= Tax patent =

A tax patent is a patent that discloses and claims a system or method for reducing or deferring taxes. Tax patents have been granted predominantly in the United States but can be granted in other countries as well. They are considered to be a form of business method patent. They are also called "tax planning patents", "tax strategy patents", and "tax shelter patents". In September 2011, President Barack Obama signed the Leahy-Smith America Invents Act passed by the U.S. Congress that effectively prohibits the granting of tax patents in general.

==History==

The earliest patent that the United States Patent and Trademark Office (USPTO) considers to be a tax patent is Van Remortel et al., "System for funding, analyzing and managing health care liabilities". This patent issued in 1992 and covers, among other things, a computerized administration system for tax advantaged funding of health care programs for retirees. The United States Congress has never passed a law explicitly allowing tax patents but in 1998, the U.S. Court of Appeals for the Federal Circuit ruled in State Street Bank v. Signature Financial Group that business methods (and hence methods for reducing taxes) have been patentable at least since 1952 when Congress amended the requirements for patentability in the Patent Act of 1952.

==USPTO classification==

The USPTO has created a patent class for tax patents. The classification is 705/36T.

The USPTO has placed 209 issued US patents and 188 published patent applications in this classification. The USPTO has not, however, published a formal definition of the class.

About 10 new tax patent applications have been filed each year in recent years, and about five new patents have been issued each year. Some applications and issued patents appear to be mischaracterized since they do not deal with taxes.

==Regulation==

In 2005, The U.S. Internal Revenue Service (IRS) determined that none of the then pending U.S. tax patents contained abusive tax avoidance transactions. Nonetheless, in September 2007, the IRS proposed a set of rules that would require tax filers to disclose whether they have paid a license fee to the holder of a tax patent. Similar to the ban passed by the U.S. House of Representatives, this regulation includes an exemption for patents on software for calculating taxes.

There is some concern in the financial community that complying with these regulations will increase the chances of a tax patent licensee being audited by the IRS and that this, in turn, will decrease the value of tax patents in general. These regulations have, however, been strongly supported by the Section of Taxation of the American Bar Association.

==Examples==

Examples of tax patents include:

- Funding of a GRAT with nonqualified stock options.
- Tax-deferred real estate transaction.
- https://www.investopedia.com/how-vanguard-patented-a-system-to-avoid-taxes-in-mutual-funds-4686985

==Enforcement==

In 2006, the Wealth Transfer Group sued former Aetna CEO John Rowe for infringement of a tax patent. The patent was , entitled "Establishing and managing grantor retained annuity trusts funded by nonqualified stock options". (i.e. SOGRAT) This case has been settled for undisclosed terms.

==New law==

On September 8, 2011, the United States Senate passed the Leahy-Smith America Invents Act, which had already been passed by the House of Representatives. The Act is described as "a comprehensive patent reform bill that includes language to stop the U.S Patent and Trademark Office from issuing patents for tax strategy methods." The Act was signed into law by President Barack Obama on September 16, 2011.
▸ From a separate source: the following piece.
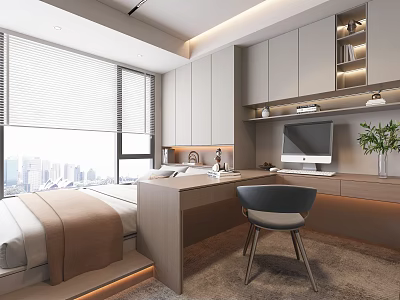 Modern Tatami Bedroom Interior With Tatami Bed Desk Computer Cabinets Window And City View 3d model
Subsection (a) of section 14 of the Act provides (in part):

For purposes of evaluating an invention under section 102 or 103 of title 35, United States Code, any strategy for reducing, avoiding, or deferring tax liability, whether known or unknown at the time of the invention or application for patent, shall be deemed insufficient to differentiate a claimed invention from the prior art.

Subsection (b) of section 14 provides (in part):

For purposes of this section, the term "tax liability" refers to any liability for a tax under any Federal, State, or local law, or the law of any foreign jurisdiction, including any statute, rule, regulation, or ordinance that levies, imposes, or assesses such tax liability.

Subsection (c) of section 14 provides (in part):

This section does not apply to that part of an invention that [...] is a method, apparatus, technology, computer program product, or system, that is used solely for preparing a tax or information return or other tax filing, including one that records, transmits, transfers, or organizes data related to such filing...

Subsection (e) of section 14 of the Act provides that the tax patent prohibition takes effect on the date of the enactment (September 16, 2011) and that it will apply "to any patent application that is pending on, or filed on or after, that date, and to any patent that is issued on or after that date."